All Things Microsoft > Microsoft as a Company
DirectX 10: We care about gamers
worker201:
Actually, according to my information, you're both wrong.
http://www.mplayerhq.hu/DOCS/HTML/en/menc-feat-vcd-dvd.html
this says that NTSC is 704x480 @~30fps. Widescreen format is 720x480. Or, for lower resolution, cut each number in half: 352x240 or 360x240.
Lead Head:
ok, standard def TVs are 352x240. Thats why when you connect your computer upto a standared def TV it always looks crap even if you set it at 640x480.
Refalm:
--- Quote from: Lead Head ---ok, standard def TVs are 352x240. Thats why when you connect your computer upto a standared def TV it always looks crap even if you set it at 640x480.
--- End quote ---
Whenever I connect my PC to my tv, the maximum resolution is 1024x768 at 60 Hz. Maybe it's because I have PAL instead of NTSC?
Aloone_Jonez:
Yes, NTSC is shit, I think its limit is 640x480 and PAL is 800x600, I wonder how you got 1024x768?

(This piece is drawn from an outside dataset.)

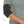 Person wearing a black electric elbow brace with a power cord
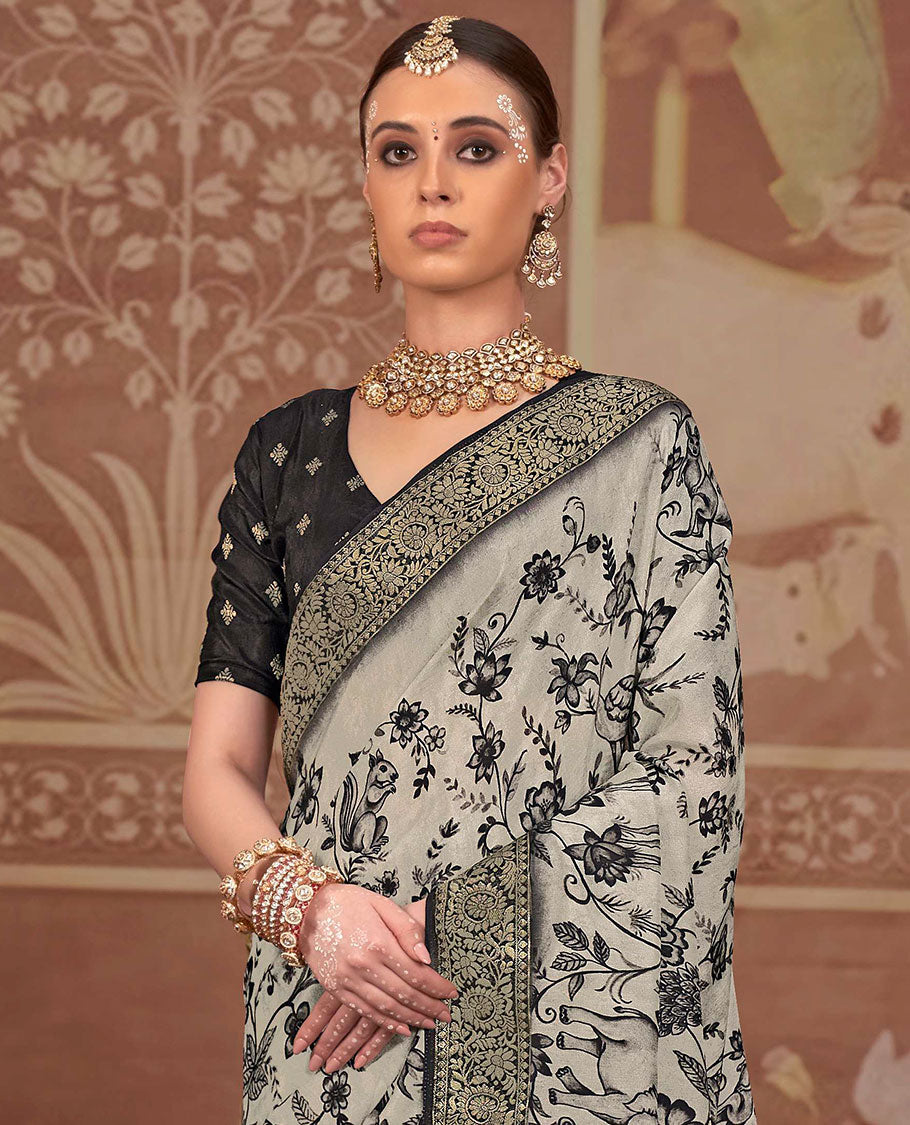 Beige floral and sparrow printed designer saree, contrast floral creeper zari border, and zari striped pallu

Your PC always looks shit on a TV because the picture is much bigger and the tube is of a lower quality than most monitors.
skyman8081:
I study video engineering let me clear some stuff up.
NTSC is 720 x 480 interlaced frames at 60Hz, This framterate was picked because the AC power in the US cycles at 60Hz. The pixels on an NTSC TV are not square like the ones on your computer monitor. They are slightly skinny, widescreen TV is the same, but the pixels are simply wider than they are tall
PAL, on the other hand is 525 lines, but at 50Hz, a ower framerate, again, because the UK and Europe AC power cycles at 50 Hz. PAL uses a very interesting solution for widescreen broadcast. They use a system called PAL Plus, in which widescreen content is broadcasted letterboxed, BUT with extra data in the space that the letterboxes use, thus when a PAL Plus receiver is used, the box will take that data to fill in the information that would otherwise be lost in the cropping procedure. This system is not as widely used anymore as it once was, however.
I'm not going to go into SECAM, because nobody uses it anymore.